Les différents champs d’application évoqués plus haut (médecine, agriculture, transport, défense, services…) contribuent à la transformation de notre environnement et du rapport que nous entretenons avec lui. Il y a un enjeu important à bien comprendre quelle est la nature de cette transformation pour bien comprendre ce qui se joue actuellement. Les effets d’annonce conduisent souvent à une surestimation des possibilités de la technologie et suscitent une déraisonnable fascination. Gilbert Simondon, un grand philosophe des techniques, disait déjà en 1968 à propos de ces effets d’annonce, il faut « démythiser le robot et tout ce qui tourne autour du robot. C’est de la très mauvaise littérature qui fait du tort à la technique, et fait du tort à la manière dont la technique peut être pensée par nos contemporains ». Comprendre ce qu’il en est est une condition nécessaire pour penser la société que nous voulons. Il est indispensable d’être vigilant et il faut se méfier des prospectivistes, en particulier dans le domaine des théories économiques.
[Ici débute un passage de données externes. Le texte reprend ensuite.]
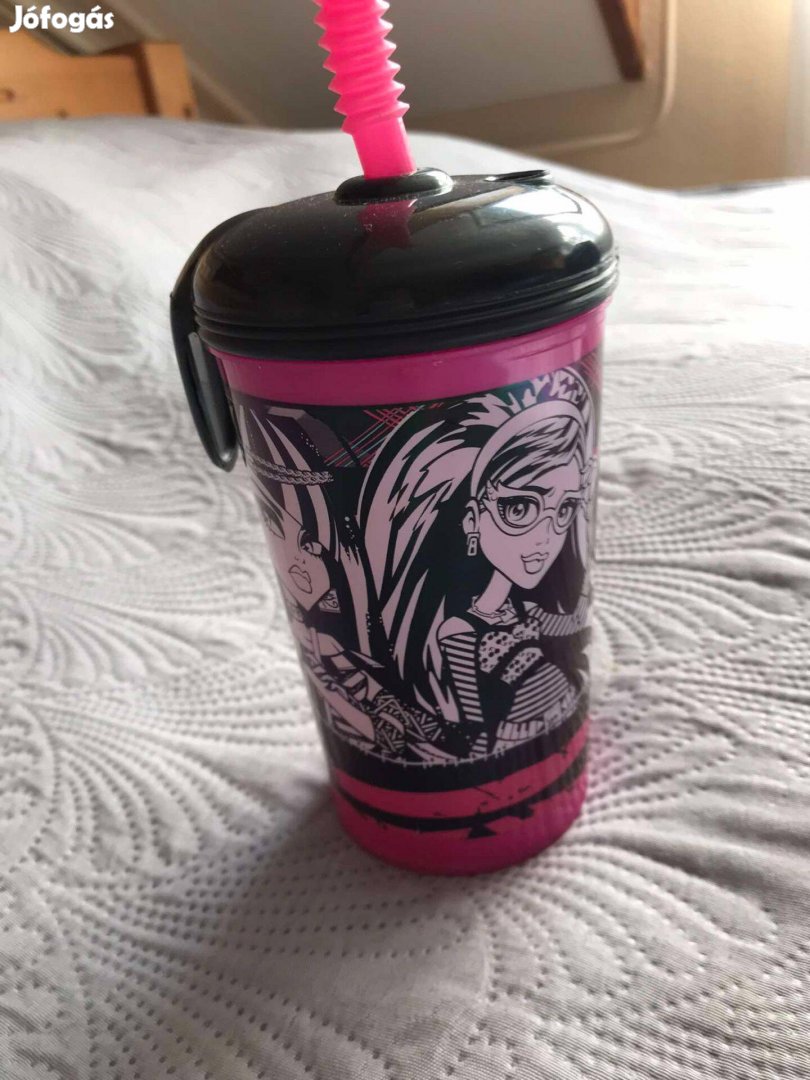 Monster high szívószálas pohár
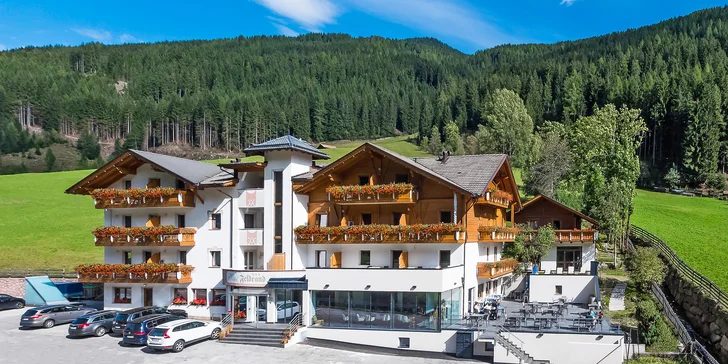 Val Sarentino v Jižním Tyrolsku: polopenze, neomezený wellness, turistika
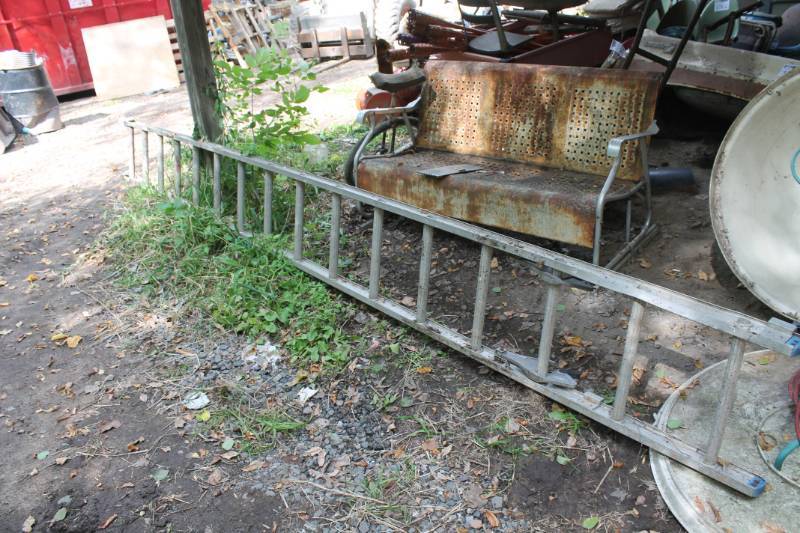 lot 415 image: 16ft. Ladder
Récemment, un robot a dirigé un orchestre d’opéra et on parle de robots artistes. Est-ce à dire que les robots peuvent être créatifs ?
Non. Ne nous laissons pas abuser. L’orchestre a été suffisamment gentil pour se prêter au jeu. Le robot, dans ce cas, n’était qu’un métronome très élaboré. Sa part de créativité était nulle. En revanche, on peut s’émerveiller de la prouesse de l’ingénieur, sans doute musicien, à l’origine du programme qui a mis la machine en mouvement. Plus généralement, dans le domaine de l’art contemporain, il y a une tendance à confondre prouesse technologique et démarche artistique.
Bibliographie :
Robots, Jean-Paul Laumond et Denis Vidal, éd. de la Cité des sciences et de l’industrie, 2019.
Poincaré et la robotique : les géométries de l’imaginaire, Jean-Paul Laumond, éd. Le Bord de l'eau, 2018.
La Robotique : une récidive d'Héphaïstos, Jean-Paul Laumond, Fayard, collection Collège de France, 2012.